The new Earl of Lindsey, who had remained a prisoner in Warwick Castle since Edgehill, was also exchanged in 1643 and joined the King. From such friends and supporters who came into him at Oxford Charles reaped great satisfaction. On the anniversary of Edgehill he called Edward Lake to him. Lake was a lawyer who, despite his inexperience, had shown remarkable bravery. When his left hand was shot he placed his horse's bridle in his teeth and fought with his sword in his right hand until the end of the day, when he was captured and imprisoned. Seven weeks later he escaped and made his way to Oxford. Charles was deeply impressed; 'you lost a great deal of blood for me that day', he said, 'and I shall not forget it.' Then, turning to the bystanders, 'for a lawyer', he said, 'a professed lawyer, to throw off his gown and fight so heartily for me, I must need think very well of it'. Charles not only created him a baronet but showed his habitual care over detail by taking a personal interest in Lake's proposed coat of arms, himself augmenting it by the addition of one of the lions of England.[6]

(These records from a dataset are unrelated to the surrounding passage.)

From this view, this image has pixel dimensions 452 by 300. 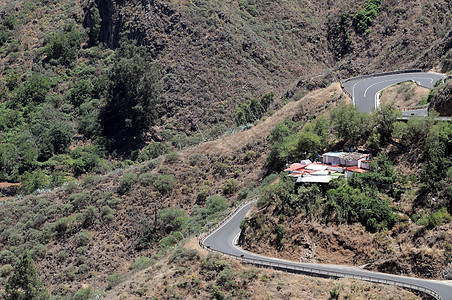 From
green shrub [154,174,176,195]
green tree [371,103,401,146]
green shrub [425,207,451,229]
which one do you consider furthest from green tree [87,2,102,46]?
green shrub [425,207,451,229]

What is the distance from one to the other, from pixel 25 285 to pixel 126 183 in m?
17.3

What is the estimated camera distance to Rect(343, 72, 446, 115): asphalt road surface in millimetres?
59550

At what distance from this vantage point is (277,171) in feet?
190

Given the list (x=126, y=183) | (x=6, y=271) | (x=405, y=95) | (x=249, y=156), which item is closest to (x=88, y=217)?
(x=126, y=183)

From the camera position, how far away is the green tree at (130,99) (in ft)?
276

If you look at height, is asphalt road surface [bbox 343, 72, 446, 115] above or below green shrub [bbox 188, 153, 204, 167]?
above

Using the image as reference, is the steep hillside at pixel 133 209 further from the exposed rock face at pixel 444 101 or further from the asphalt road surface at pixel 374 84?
the exposed rock face at pixel 444 101

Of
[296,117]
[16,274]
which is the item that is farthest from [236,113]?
[16,274]

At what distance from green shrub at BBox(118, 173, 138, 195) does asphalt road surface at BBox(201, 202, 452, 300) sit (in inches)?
662

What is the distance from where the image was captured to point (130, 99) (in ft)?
281

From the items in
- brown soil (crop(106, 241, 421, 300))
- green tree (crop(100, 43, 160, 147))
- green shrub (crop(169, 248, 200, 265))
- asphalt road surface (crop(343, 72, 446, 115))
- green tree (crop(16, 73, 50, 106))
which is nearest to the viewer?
brown soil (crop(106, 241, 421, 300))

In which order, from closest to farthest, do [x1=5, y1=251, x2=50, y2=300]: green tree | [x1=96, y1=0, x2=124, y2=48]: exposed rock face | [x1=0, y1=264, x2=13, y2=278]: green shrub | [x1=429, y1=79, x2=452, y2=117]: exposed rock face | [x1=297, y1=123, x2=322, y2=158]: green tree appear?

As winter set in at Oxford the Court of Whitehall reproduced itself as best it might. The city was now full of soldiers and courtiers, Privy Councillors, secretaries, officials and supporters of many kinds, mostly accompanied by their families, all crowding in on the limited accommodation, generally content to exchange their normal state for a couple of rooms in an overful lodging just for the sake of being there at all. Fashionably dressed ladies walked in college gardens or watched the recruits, mostly scholar-turned-soldier, marching down the High Street and out to the New Parks for martial exercise, or drilling in the meadows by the Cherwell under the walls of Merton College. Domestic troubles began to assert themselves: Prince Charles had the measles; Prince Maurice, more seriously, had an attack of the stone which worried his mother more than the war itself; Charles had to send to Whitehall for stockings and other small necessaries. The House of Commons debated whether a servant should be allowed to take them to Oxford and decided by a vote of 26 to 18 that Charles might have them. He did not know which was worse — the lack of interest in his needs or the fact that the matter should have been discussed at all. More serious was the news in March 1643 that Henrietta-Maria's chapel in Somerset House had been ransacked and that Parliament had sequestered the lands of bishops, deans and chapters, appropriating the income to their own use.

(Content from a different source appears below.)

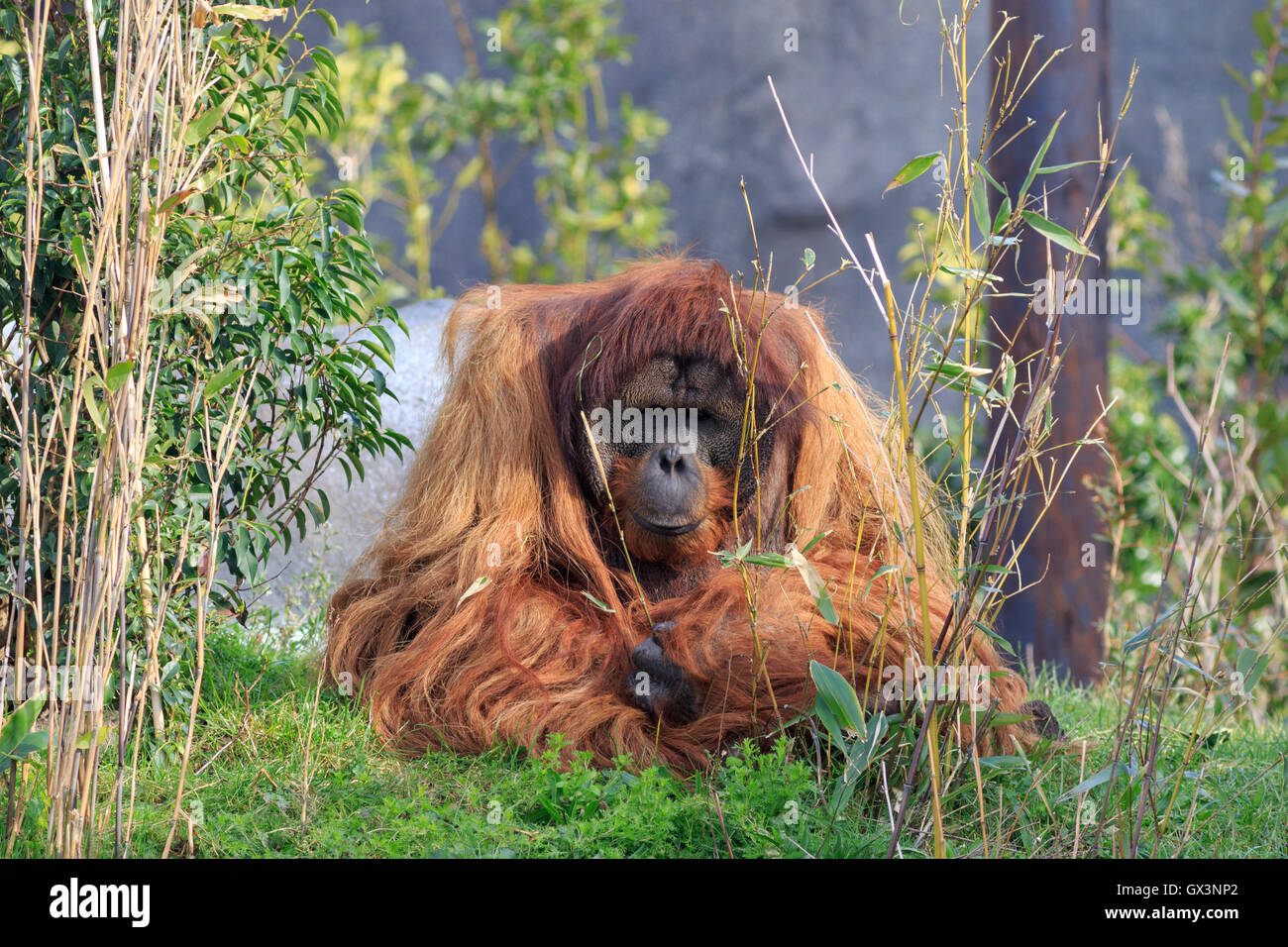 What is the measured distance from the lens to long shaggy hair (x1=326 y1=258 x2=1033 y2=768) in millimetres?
2439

Meanwhile Charles played tennis with Rupert, he hunted as far away as Woodstock, he received Ambassadors, including the Venetian and the Frenchman, who was a constant visitor; he even did his best to celebrate a wedding when a Groom of his Bedchamber married the reigning beauty of the exiled Court. But all this was accompanied not only by the drilling of recruits and the construction of fortifications but by the clatter of cavalry as horsemen moved in and out of the city. The most advanced post of the Parliamenterian armies was at Windsor, where Essex was covering the western approaches to London, and while the armies of both sides lay in their wide-spreading winter quarters there was a constant movement of patrols, reconnaissance parties, and probing detachments of horse. The spring offensive was heralded when Parliamentarian forces took Reading, only twenty miles from Oxford. At the beginning of June they were in Thame and ventured into Wheatley but were beaten off by a Royalist garrison on Shotover Hill. Rupert disliked this forward probing and hoped to retaliate by securing a convoy of money which he had heard was on its way from London to Thame. He missed the convoy but on his way back to Oxford on June 18 he dispersed a small enemy force at Charlgrove Field, ten miles south-east of Oxford. In this little skirmish John Hampden was mortally wounded and died in Thame six days later. The removal of his moderating influence was a serious loss to Parliament.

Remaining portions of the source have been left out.